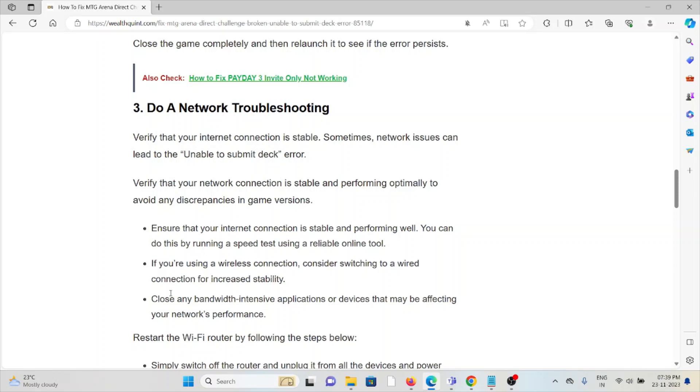Ensure that your internet connection is stable and performing well. You can do this by running a speed test using a reliable online tool.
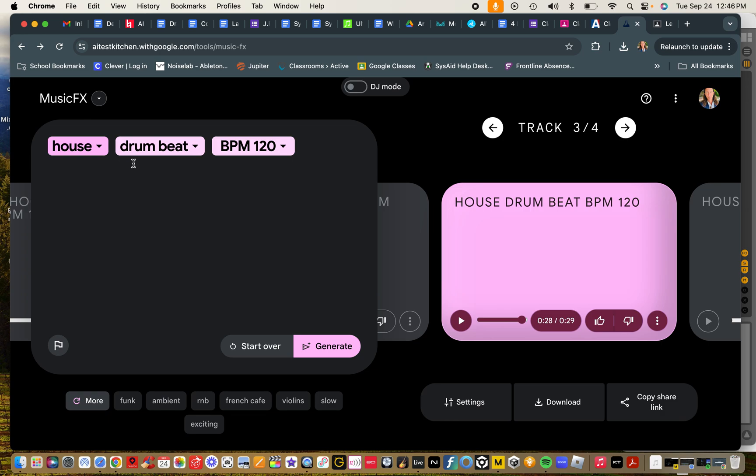I use the words house, drum beat, and BPM of 120. So style or genre of music, what it is—a drum beat—and then specifying a BPM.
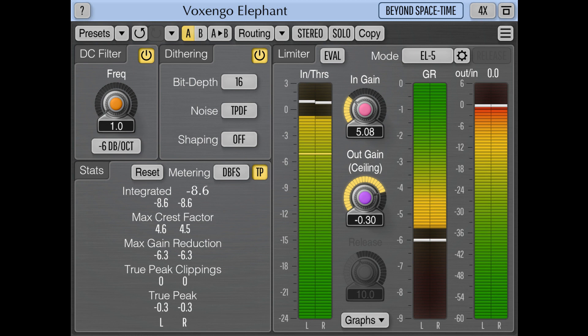Voxengo updates Elephant Mastering Limiter Plugin to version 5.2. Welcome to Music Gears, where we bring you the latest info on new music instruments, software, and other gear from around the world. Voxengo has updated Elephant, the Mastering Limiter Plugin, to version 5.2.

*What is required*. Would you transcribe the whole listing above exactly? The pictures should not be included.

*Response*.
Ensure that your internet connection is stable and performing well. You can do this by running a speed test using a reliable online tool.
I use the words house, drum beat, and BPM of 120. So style or genre of music, what it is—a drum beat—and then specifying a BPM.
Voxengo updates Elephant Mastering Limiter Plugin to version 5.2. Welcome to Music Gears, where we bring you the latest info on new music instruments, software, and other gear from around the world. Voxengo has updated Elephant, the Mastering Limiter Plugin, to version 5.2.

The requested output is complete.